Avanzamos entre agujas que se elevan por todas partes, subimos y bajamos torres, salvamos profundas grietas. El mundo es blanco de pronto, y nosotros lo recorremos como se recorren los parajes de un sueño. Junto a una laguna turquesa se encuentra la entrada de una caverna. Del techo de cristal celeste gotean gotas milenarias; el suelo, congelado, refleja el brillo de las paredes; la casa de Superman en el polo se me viene a la memoria. Continuamos nuestra marcha por aquel páramo helado, hasta que al final del recorrido, en una hondonada blanca y profunda, una mesa de madera nos espera llena de vasos. «Sírvanse ustedes el hielo», anuncia sonriente el guía mientras extrae de una caja un par de botellas de whisky. Así lo hacemos y, como en un anuncio, enfriamos nuestras bebidas con el hielo del glaciar.

Spegazzini, el Onelli y el Upsala

Pero el Perito Moreno no es el único glaciar en la cuenca del lago. De entre los más importantes cabe destacar el Spegazzini, el Onelli y el Upsala, este último el de mayor extensión de toda Suramérica, con una superficie aproximada de 595 kilómetros cuadrados, es decir, unas seis veces la de la ciudad de Barcelona. La mejor manera de visitarlos es por barco. Una expedición que sale de Puerto Bandera se acerca hasta sus paredes esquivando los témpanos que de ellas se desprenden. El agua, por su parte, tiene un color metálico. Al parecer, el desplazamiento de los glaciares sobre la roca provoca una delicada erosión que libera microscópicas partículas minerales, tan pequeñas que resultan más livianas que el agua y permanecen allí suspendidas, dotándola de aquella inquietante tonalidad.
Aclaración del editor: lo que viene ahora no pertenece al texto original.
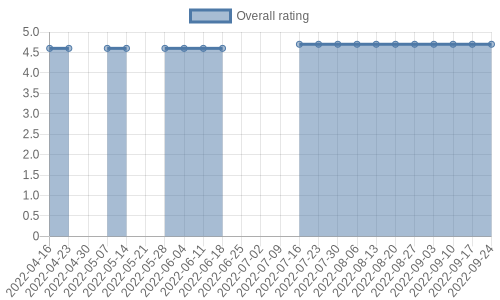 is getting reviews at about one every 174 days. Their reviews are mostly positive, and their overall rating has improved recently from 4.6 to 4.7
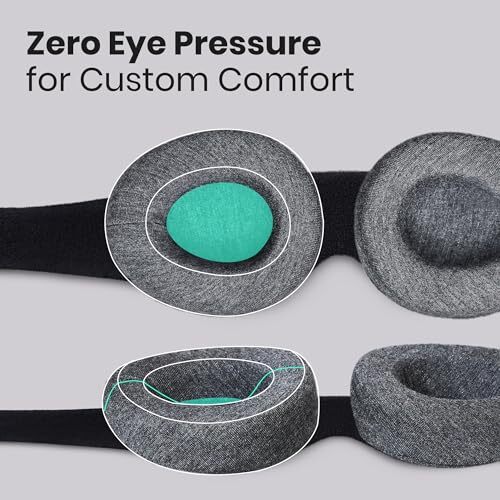 Mask - 100% Light Blocking Eye Mask, Adjustable Sleeping Mask with Detachable - Picture 4 of 7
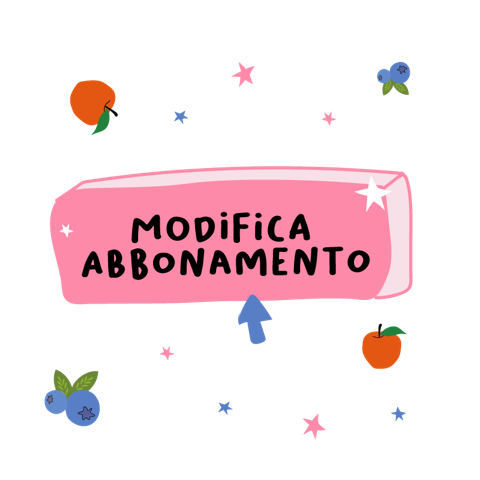 Acquisto Ricorrente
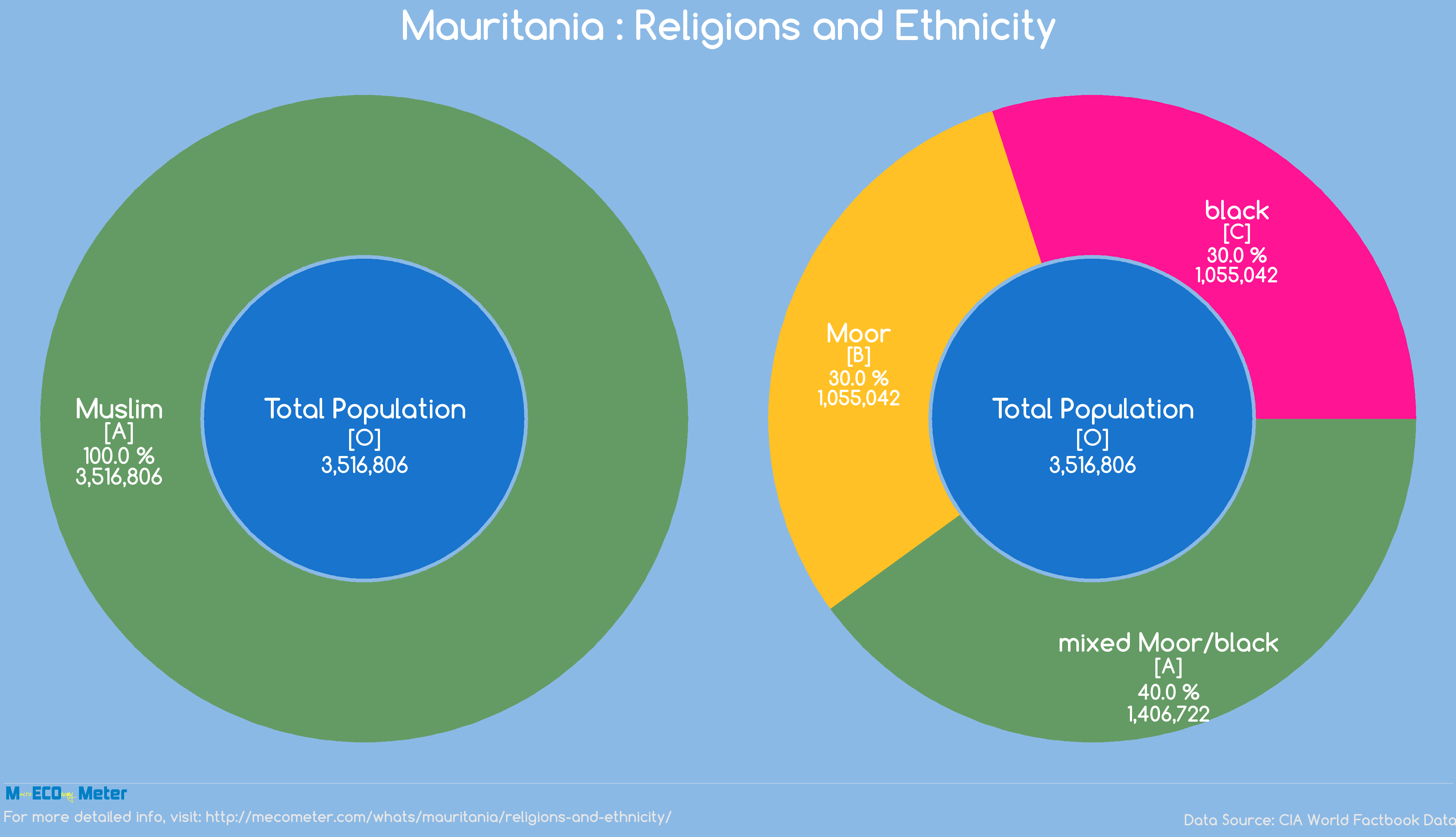 Mauritania : Religions and Ethnicity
Se puede ir de pesca a alguno de los muchos ríos o lagos del parque, o se pueden organizar cabalgatas por valles y montes. Se pueden degustar platos autóctonos -el cordero patagónico es una de las especialidades-, o pasar simplemente unos días en alguna de las muchas estancias que han sido acondicionadas para recibir a los viajeros. Para los amantes del andinismo y el trekking, la pequeña localidad de El Chaltén -a los pies del monte Fitz Roy y a unos 220 kilómetros de El Calafate- satisface todos los gustos. Excursiones de un día o de varios (así como todo el material necesario para la acampada) pueden ser contratadas en la villa.
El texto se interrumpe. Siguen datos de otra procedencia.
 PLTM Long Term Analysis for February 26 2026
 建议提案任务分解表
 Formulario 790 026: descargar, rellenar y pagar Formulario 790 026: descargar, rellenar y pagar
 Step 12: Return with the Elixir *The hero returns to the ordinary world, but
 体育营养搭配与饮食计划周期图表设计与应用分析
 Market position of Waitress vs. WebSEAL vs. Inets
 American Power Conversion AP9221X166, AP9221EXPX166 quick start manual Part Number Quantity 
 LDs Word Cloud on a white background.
Resulta imposible verlo todo. Todo es inmenso, inabarcable. Hasta los ojos más voraces se ven excedidos. Hay, saliendo de El Calafate, un bar con el nombre de Shackleton. El dueño es un admirador del mítico explorador inglés y posee todo el material que sobre él se haya escrito. Aparte de la cerveza artesanal que acompañará la charla, el atardecer se ve bien desde ahí. Los vientos del Pacífico han decorado las nubes, y el naranja del cielo tiñe de dorado el lago. Uno piensa entonces en la nieve y en los hielos, y en la parsimonia con que el tiempo fue tallando todo aquello. Y se queda ahí sentado, disfrutando del silencio.